QUE PERDURE L'OEUVRE ENTREPRISE
René PERRET

Voilà déjà quelque temps que j'y pensais ... plus précisément après chaque repas à Vendargues ou chaque rassemblement de l'APCA pour Pentecôte. J'en ai bien manqué quelques uns, lorsque mes obligations m'avaient trop éloigné: j'en fus navré. De ces réunions bigarrées, je retenais une foule d'émotions: joie des retrouvailles, précision des souvenirs et, curieusement, le sentiment d'avoir arrêté l'horloge du temps en juin 1962. A l'évidence, j'avais toujours 18 ans!... Du moins, dans ces occasions. Je suis convaincu que cette réflexion a effleuré tous ceux qui, en 1996, ont entre 50 et 60 ans. Quel bonheur d'entendre: Alors, les jeunes? Ah! voilà le petit Untel! Quelle tendresse dans ces exclamations joviales distribuées par les anciens! Les anciens, dans les courses aux euphémismes et aux atténuations sémantiques, on a presque oublié qu'ils étaient vieux... une génération avant nous... seulement et, chaque année, à travers Ensemble ou à l'occasion des rassemblements, il y en a de moins en moins, des vieux. Leurs rangs s'étiolent, les survivants vacillent.

Ces vieux-là ont tout vu, le meilleur et le pire: 39/45, une Algérie besogneuse et pacifique où il faisait bon vivre, les événements tragiques, l'exode, la dispersion, la réinsertion sociale. Ils ont tout rencontré: l'incompréhension, l'ostracisme, les falsifications de l'histoire, la dérision. Quel qu'ait été leur parcours professionnel, fonctionnaires, agriculteurs, artisans ou professions libérales, ils ont dû rebondir à l'âge (notre âge d'ailleurs) où l'on caresse l'espoir d'une retraite méritée. Incomparables fourmis, ils ont lutté pour leurs enfants, se sont étonnés de leurs choix familiaux ou politiques, ont été les merveilleux grands-parents de rejetons parfois hybrides (d'un parent métropolitain) mais toujours beaux.

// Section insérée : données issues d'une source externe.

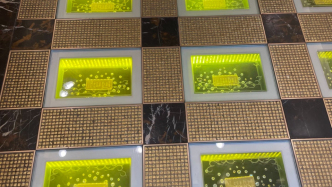 英皇娱乐酒店把酒店大堂的黄金卖了！超十倍买入价出售79公斤黄金，赚了9020万港元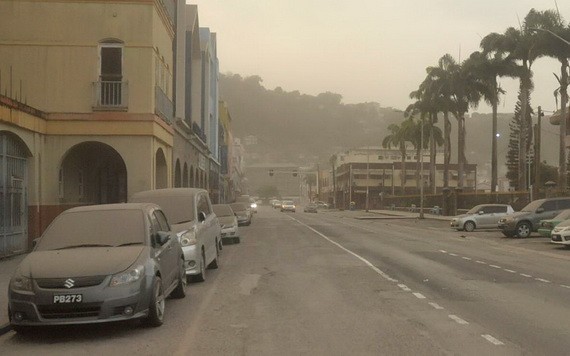 拉丁美洲加勒比海島國聖文森特和格林納丁斯的蘇弗里耶爾火山9日噴發，大量火山灰飄落，當地房屋、汽車和道路覆蓋著一層灰燼。（圖源：推特）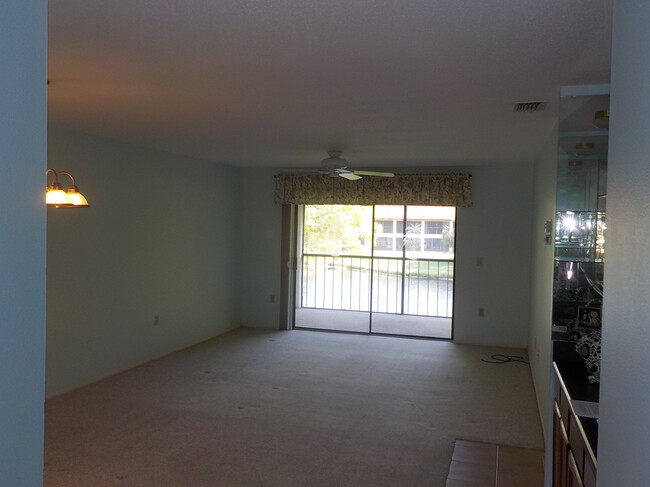 764 Avenida Estancias in Venice, FL - Building Photo - Building Photo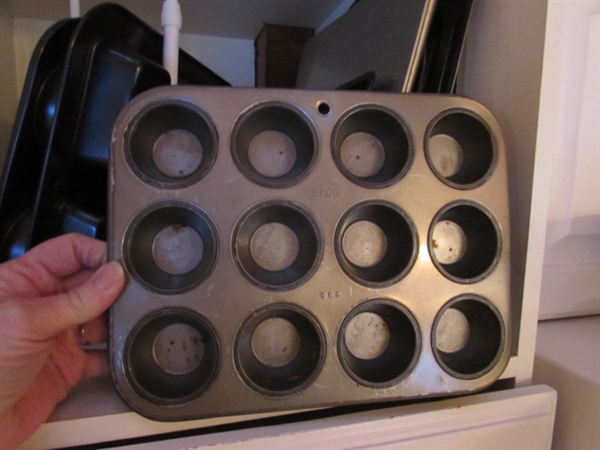 METAL BAKEWARE, MUFFIN TINS & MORE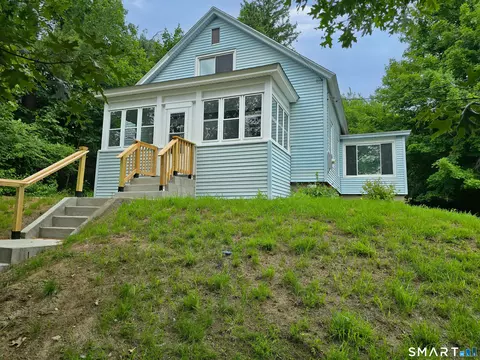 119 Merchants Ave, Taftville, CT 06380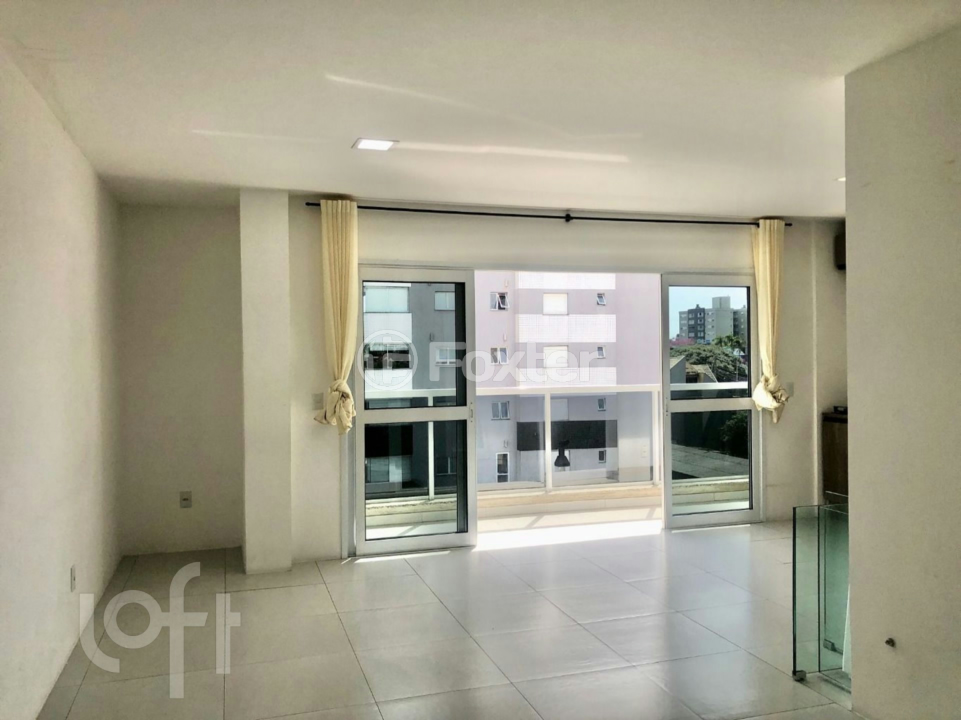 Apartamento à venda com 3 quartos, 100m² - Foto 1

Ces vieux... nos vieux... ont créé et animé nos associations, nos rassemblements, notre presse. Beaucoup sont partis, d'autres sont encore là, le regard vif, la pensée intacte, les certitudes ancrées pour toujours. Refont-ils le monde ou cultivent-ils une idée lucide du passé ... ils sont inquiets. Mutilés de la terre qu'ils ne peuvent pas léguer, ils veulent nous transmettre la mémoire et son corollaire, la capacité de se retrouver, de se parler, de se reconnaître, en un mot, de s'identifier. Sentinelles vigilantes de ce patrimoine, ils espèrent qu'une relève suffisante viendra, le moment venu, en faire perdurer l'existence.

Etre convenu qu'après eux, ça se perdra, c'est transformer leur vécu en une parenthèse, pire, en un accident de l'histoire! C'est donner raison aux malfaisants qui recomposent l'Algérie à l'aune d'un imaginaire pervers et contre lequel il faut lutter sans concession. C'est, toute honte bue, transmettre à ses enfants un héritage sans parfums, sans couleurs et sans vie. C'est se préparer à se fondre, par mimétisme obligé, dans un pseudo - ensemble national d'où, paradoxalement, émergent des réflexes identitaires et culturels soutenus par ceux-là mêmes qui réfutaient les nôtres!

J'ai tenu à faire part de mes sentiments, en étant assuré qu'ils sont partagés. Certains amis m'ont précédé dans les faits en reprenant le flambeau au pied levé. Mais il faut leur apporter de l'aide, quel qu'en soit le niveau.

Trente longues années durant, j'ai croisé dans ce pays des braves gens, des moins braves, de sinistres idiots. J'ai mesuré avec circonspection la persistance des idées reçues, de la désinformation souvent, de l'outrance parfois. Traversant les régions et les événements, une réflexion de l'un de mes oncles me revenait sans cesse: N'oublie pas ce que tu es, ça t'évitera que les autres te le rappellent. Je l'ai vérifiée cent fois. Alors, au seuil du troisième âge (enfin presque, j'espère), je voudrais qu'on me permette de souhaiter la pérennité des associations mises en place par nos anciens. Cela ne pourra se produire sans participation collective. La tâche est immense, mais cela préservera nos sources des pollutions ambiantes et désaltérera correctement notre progéniture.